Partindo do mesmo ponto, é mais caro que a solar com bateria. No PNE, estima-se que a solução tem um capex decrescente — US$ 5,8 mil/kW até 2029, chegando a US$ 3,2 mil/kW em 2050. O&M fixo de R$ 39/kW, com parcela variável de R$ 11,7/MWh.
Concorre com o gás natural, no atendimento aos requisitos do sistema com um custo muito inferior (capex de US$ 1 mil/kW, no ciclo combinado) e é uma fonte que pode se beneficiar no futuro de soluções viáveis de captura de carbono, por exemplo.
Todas as premissas podem ser vistas aqui (.pdf).
Não é trivial Angra 3 entrou no planejamento brasileiro nos anos de 1980. Já custou R$ 8 bilhões; em 2021 estimava-se que custaria outros R$ 15 bilhões para terminar as obras e tem entrada em operação prevista para 2026.
E os benefícios não são consenso A crise energética de 2021, que mais uma vez colocou o suprimento em risco e fez os custos (inclusive em emissões) dispararem pela dependência do clima, deu força ao debate sobre a mudança na operação do sistema elétrico.
Está na agenda do MME para a nuclear: “o aumento da participação da fonte termonuclear na matriz energética brasileira é importante para reduzir os impactos das crises hídricas na geração de energia elétrica”, disse a pasta, hoje, ao anunciar os estudos para as novas usinas.
Impacto esse que significa queimar óleo, mais caro e poluente, e pegar empréstimo para rolar a dívida da crise paga pelos consumidores de energia elétrica.
Mas, obviamente, os técnicos do governo também dialogam internamente com as alternativas que podem ser trazidas com uma reforma do despacho de energia elétrica.
***
Aqui, tenho apenas as perguntas.
Qual seria o custo — e o desafio político e regulatório — de tornar as hidrelétricas a bateria do sistema, uma base renovável para compensar a intermitência das renováveis? E se a gente colocar o backup com hidrogênio nessa conta? E a maior disponibilidade das eólicas offshore?
Quantos bilhões precisam ser investidos para ampliar a capacidade e a confiabilidade da rede de transmissão necessária para escoar mais energia renovável do Nordeste? E para descentralizar de forma massiva a geração, mantendo o equilíbrio da rede (e dos contratos)?
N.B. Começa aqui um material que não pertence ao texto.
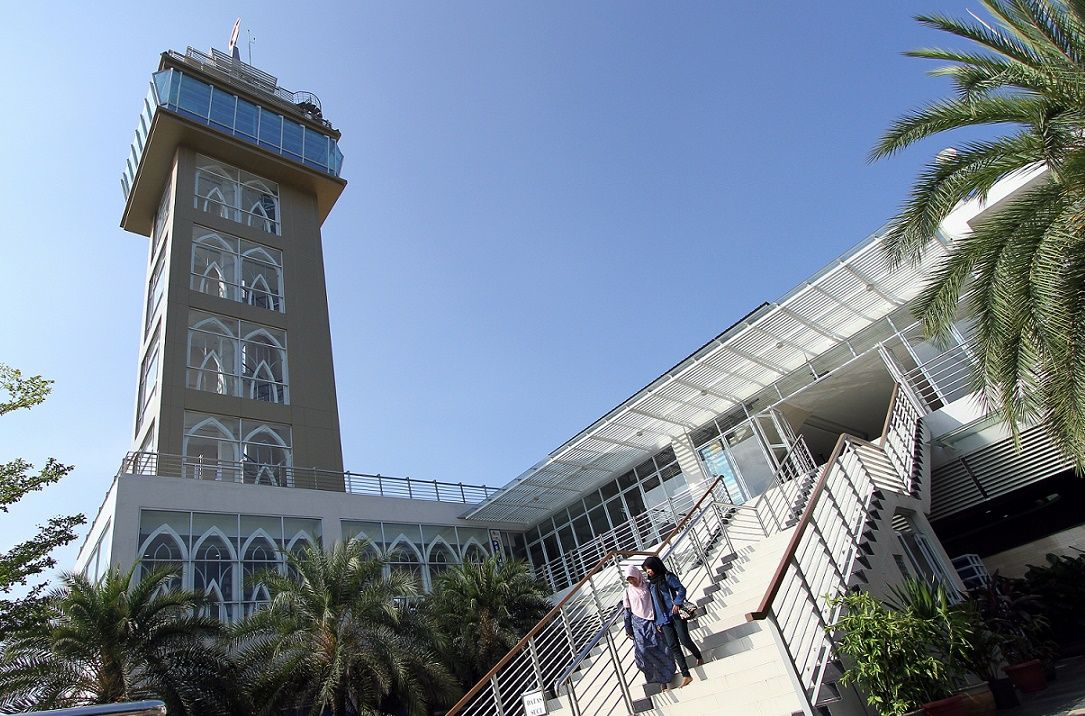 Masjid Jabal Arafah, salah satu tempat wisata religi di Batam.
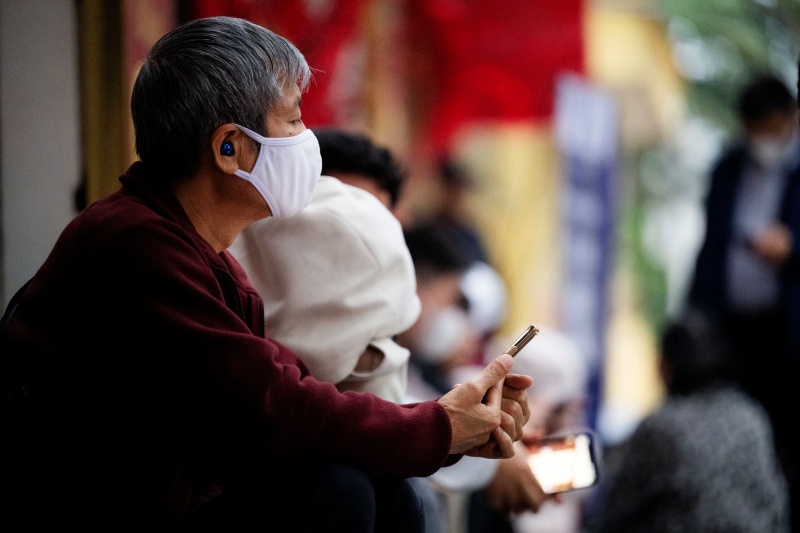 Hà Nội: Giá vàng giảm sốc chỉ sau một đêm, cảnh tượng tại phố Cầu Giấy khiến nhiều người không khỏi bất ngờ- Ảnh 14. Hà Nội: Giá vàng giảm sốc chỉ sau một đêm, cảnh tượng tại phố Cầu Giấy khiến nhiều người không khỏi bất ngờ- Ảnh 14.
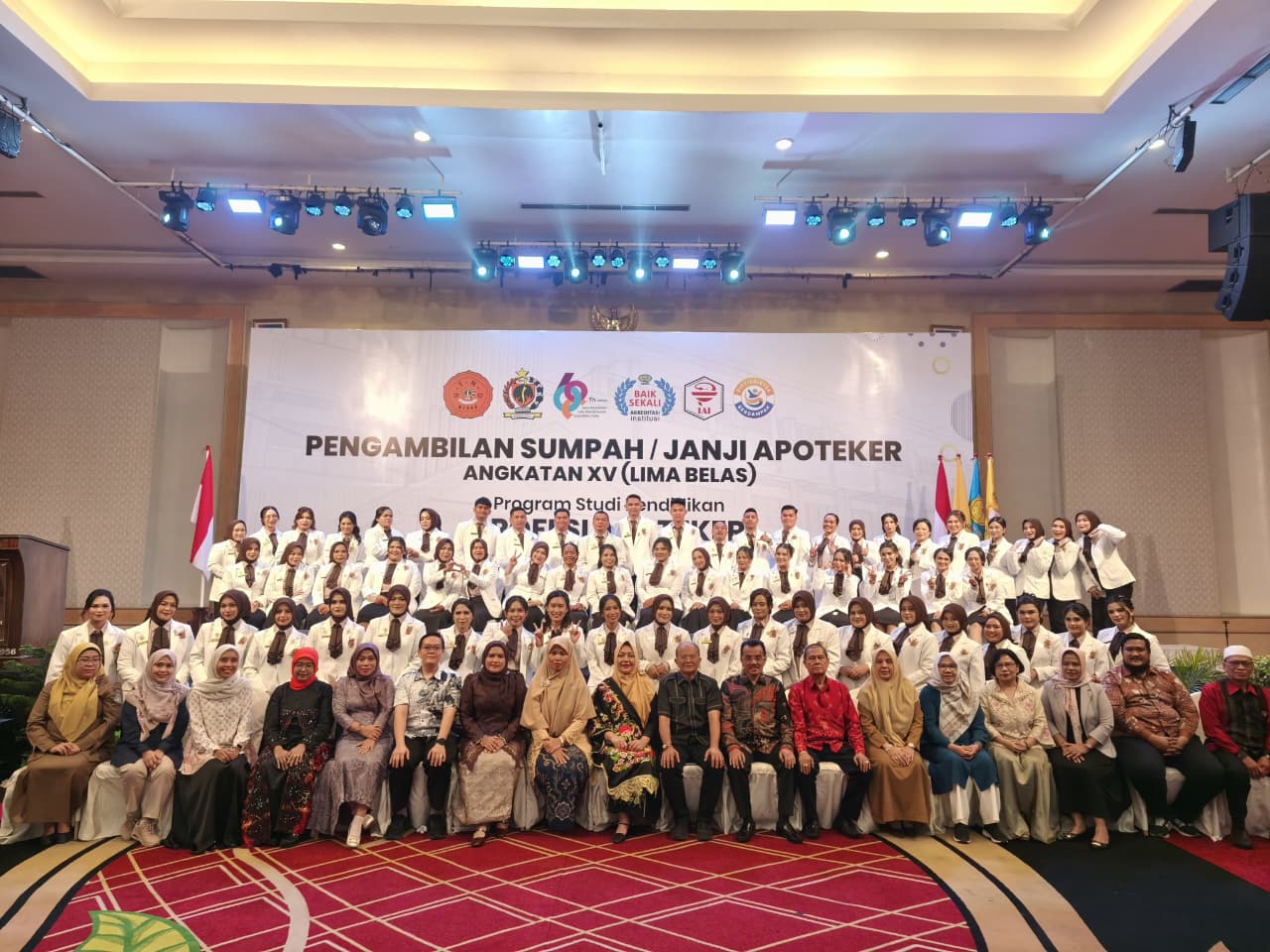 Mahasiswa Program Profesi Apoteker Indonesia (UKMPPAI) yang lulus diabadikan. (ISTIMEWA/SUMUT POS)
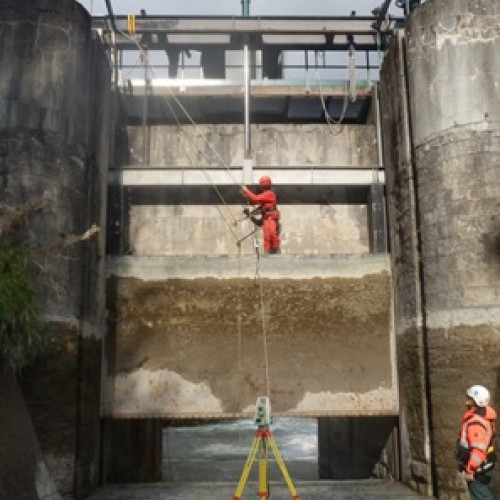 Expertise sur site de la vanne évacuateur de crue du barrage de VIGNOTAN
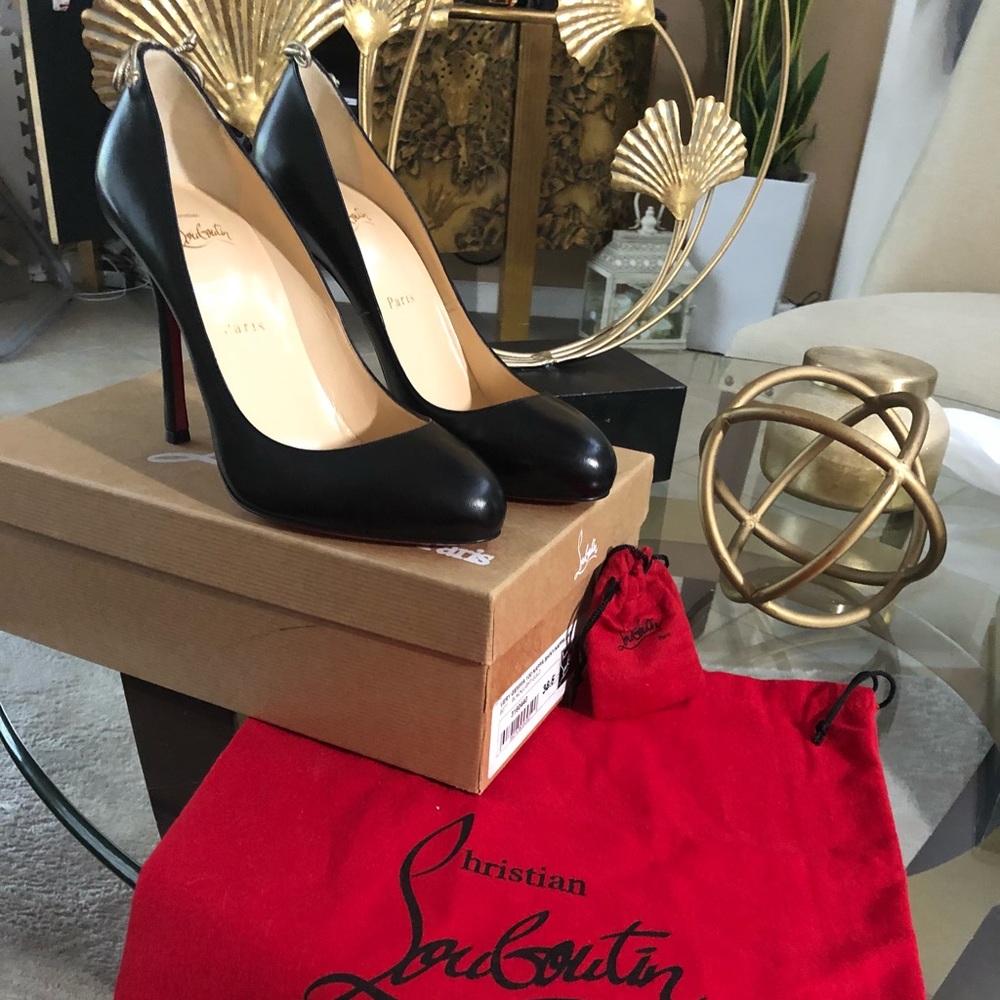 CHRISTIAN LOUBOUTIN VERY GEMMA 100 NAPPA BOW PUMPS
Os primeiros estudos apresentados pelo MME para ampliar o sistema de transmissão na área Sul do Nordeste, estimam R$ 18 bilhões para construir 6.600 km de linhas de transmissão de alta tensão e subestações.
E aqui vale recuperar o estudo de 2020 — Sistemas Energéticos do Futuro: Integrando Fontes Variáveis de Energia Renovável na Matriz (.pdf) –, feito com participação da EPE e do ONS.
“Este estudo mostra que a aplicação de metodologias e ferramentas de planejamento da expansão de última geração permite preparar o sistema elétrico brasileiro para acomodar grandes quantidades de fontes renováveis variáveis, respeitando os critérios de confiabilidade, segurança e estabilidade do sistema”, conclui.
E a bioenergia? A biomassa, grande aposta da política brasileira – muito além do governo Bolsonaro – para a descarbonização do transporte, que pode dar escala a mais geração de energia e soluções de captura de carbono (o bioCCS)?